I seem to have watched a lot of bad films over the past week or so.  Of course, 'bad' is an adjective that can cover a lot of bases when it comes to film.  There are those that are poorly made, yet often still have some merit in terms of their ideas, characters or plot devices.  Then there are those that are 'bad' in the sense that they are offensive - they cover tasteless subject matter or controversial material in a tasteless way, (about the only films which make me feel this way nowadays are some of the 'Nazisploitation' titles). There are also the films that are so bad that they are 'good', in that their sheer ineptitude makes them endearing and entertaining.  Finally, there are those films which are, well, simply bad.  Into this latter category fall, in my opinion (and other opinions are available and might be equally valid), those films which seem to be overblown home movies made with mainly amateur casts who are friends and family of the producer/director/writer/director of photography/costume designer/teaboy.  (Such multi-tasking is less a sign of auteurism as it is ultra low budgets).  Not all micro-budgeted movies fall into this category - many are made by professionals wanting to make their own film independent of studios and financiers.  Often, these are pretty good and things like Amazon Prime and other streaming services, with their insatiable appetite for content, have provided them with a platform.  Unfortunately, they have also provided a platform for the amateur films, encouraging their makers to turn out yet more of them.
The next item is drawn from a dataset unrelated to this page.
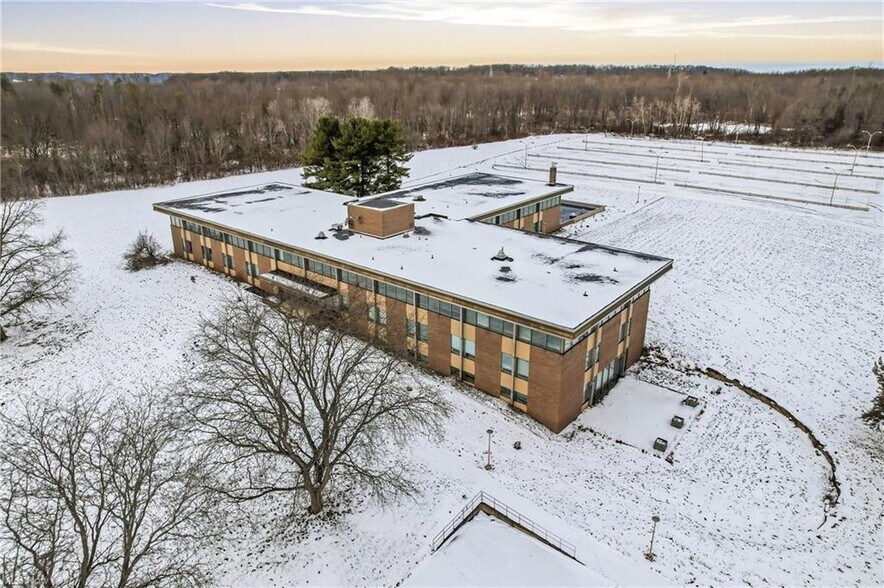 More Photos Of 1610 Hubbard Thomas Rd, Hubbard Office For Lease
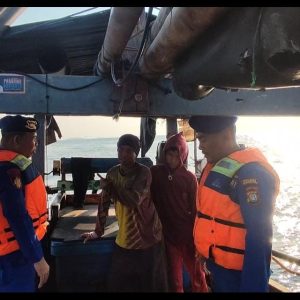 Team Patroli Satpolair Polres Kepulauan Seribu Lakukan Patroli Laut di Perairan Pulau Pari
Now, the fact that they are home movies escaped into the wild isn't what makes them bad per se.  It is the fact that they are frequently knowingly bad, deliberately playing to the crowd who like to  watch such things 'ironically'.  That's what I really dislike about this type of 'bad' movie - that they are cynical attempts to create an instant 'cult' movie by people who clearly have no inkling of what it is that actually makes genuine 'cult' movies.  That, for instance, is what I disliked about Pervirella (1997), one of the 'bad' movies I watched, not that it was a largely amateurish glorified home movie, but that it was so clearly trying to be a deliberately 'so bad its good' film experience.  It had the air of something made by undergraduates who had seen every episode of 'Monty Python' and 'Rutland Weekend Television', yet had no grasp of why they succeeded, instead trying to replicate the 'zaniness'.  (To be absolutely fair, Pervirella does feature Jonathon Ross being decapitated and provides an ill-looking David Warbeck with one of last roles - he died later that year.  But none of this compensates for the feeling that you are watching someone's private joke - everyone involved clearly had a good time making it, but that doesn't transmit to the audience).  
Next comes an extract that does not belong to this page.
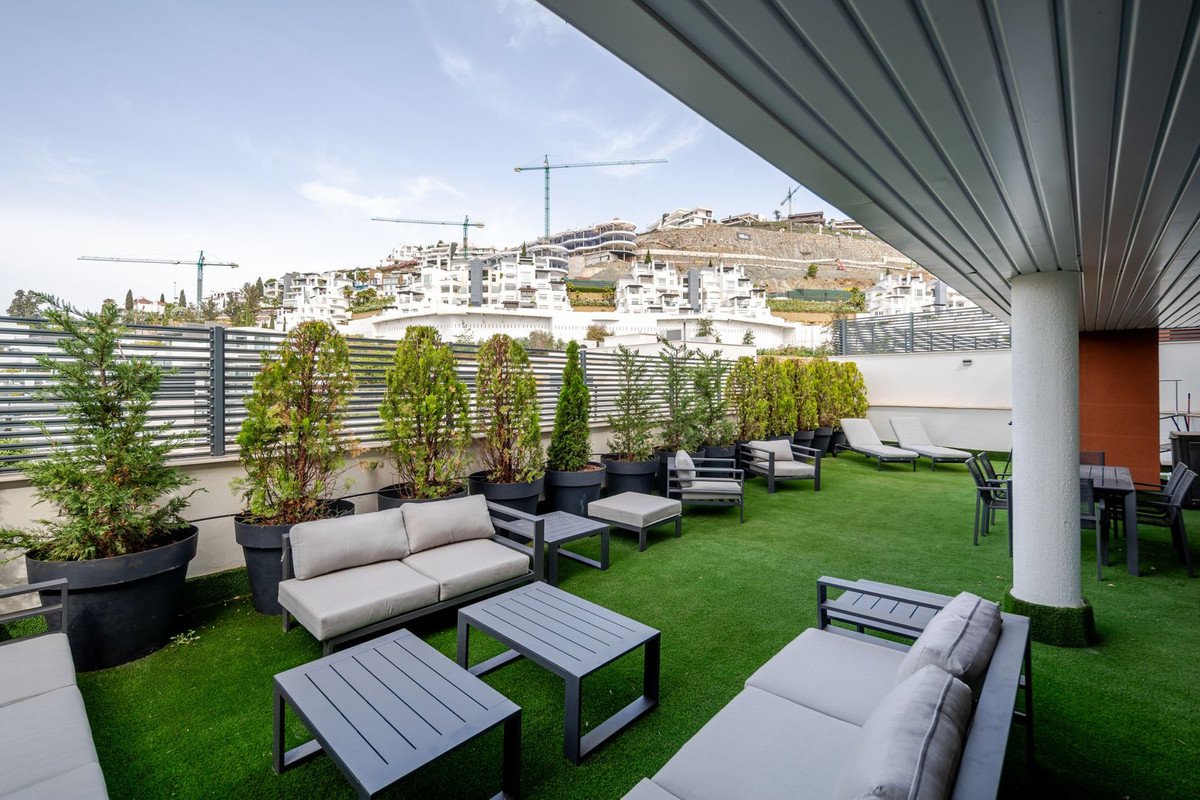 3 Bed Ground Floor Apartment in Benahavís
Still, compared to Helen Keller vs Nightwolves, a film so bad I couldn't endure it to the end, Pervirella looked like a masterpiece.  Thankfully, the other 'bad' films I saw were more enjoyable - The Snake Woman (1960), Sidney J Furie's low-budget British b-movie, for instance, which feels like a provincial theatre company's dress rehearsal for Hammer's more accomplished The Reptile (1966), for example.  Or the deliriously bizarre Blood Freak (1971), in which a Vietnam vet hallucinates that he becomes a turkey-headed monster after smoking pot.  Not only is the monster wonderfully ridiculous, but the director keeps popping up in between the gore and violence to sermonise us about the evils of marijuana, finally collapsing into a coughing fit worthy of the Fast Show's Bob Fleming.  It's the best sort of 'bad' movie - one that those making it clearly didn't think was bad at the time.  So much more entertaining than the deliberately 'bad' variety.